Can anyone compare/contrast any New Yankee Workshop plans with plans for similar items they've built. Better? worse? more detailed? They seem expensive for no more guidance than you get, but I'm a newbie.


----------



## olddutchman (Jul 4, 2008)

I haven't tried them, but i would think they'd be good or better, and don't you get the VHS too?


----------



## rcp612 (Mar 25, 2008)

I've got the Barrister bookcase plan/vhs and am NOT pleased with it.
It is very detailed but, Nahm decided that many of the pieces needed to be a strange thickness making resawing capability neccessary, or planing a lot of good wood away.
Also, his bookcase was redesigned to be 1 solid unit, not the stackable version he did on the show. :furious: That's not what I wanted. 
And I bought the plan on a clearence sale so, no returns either.


----------



## red (Sep 30, 2008)

I never bought the plans but I did purchase some of his books. They were very detailed and really explained how to do a project. Red

PS: I also met him twice and what a great guy he is.


----------



## smitty1967 (Feb 24, 2008)

I sent for the cherry plywood entertainment center, which I deemed quite similar to the armoire I was planning to build. 

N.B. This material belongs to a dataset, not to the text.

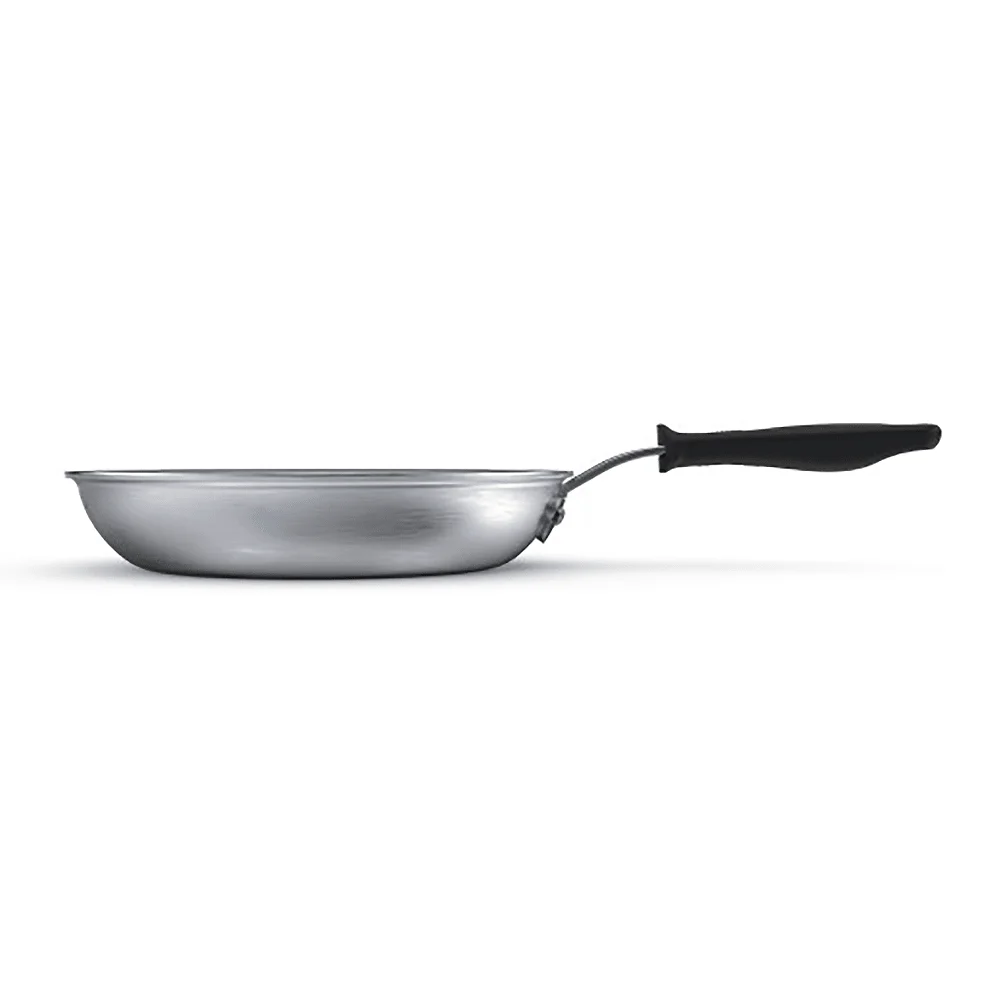 Vollrath 67807 Wear-Ever Non-Stick 7 Aluminum Fry Pan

sheeesh. what a waste of time, energy, anticipation, money and stamps! This whole NYW thing is a rook job, if you ask me. From what I've seen, I'd put a buncha you guys, myself included, up against that big slob from New England any day of the week and twice on Sunday! 

Here's the thing....I spent something like $14.00 for what was described as a 'measured materials list and drawing.' Sound familiar? You know what I got? Same thing some of you have? An 11"x14" piece of folded paper with an exploded view of the project. 

Today, I could build something like that without thinking too awful much on the topic. Back then, as a rookie, I was in dire need of direction and thought I'd get it from an acknowledged professional. 

pfft. what a lesson that was. Never again.

smitty


----------



## GeorgeC (Jul 30, 2008)

I have purchased a couple of the plans. Liked them very much. They are very detailed and easy to follow. The one I liked most was a jewelry box with a hidden compartment. I actually would up making three of those in cherry, walnut and one in figured maple, worm holes and all.

Maybe the plans are a bit expensive, but in my opinion worth it. The VHS tape is also good.

I really like the New Yankee Workshop (NYW) show very much. I learn some things but much of what he does is with tools that I do not have. Just enjoy the show.

George


----------



## mschuman (Sep 22, 2008)

*Expectations*

got me into trouble. I thought a NYW plan would be great for a first project. I bought several plans on the VHS closeout going on right now and a couple DVD plans at full price. I think you could get as much out of DVR'ing the show, and making up your own drawing while watching it.


----------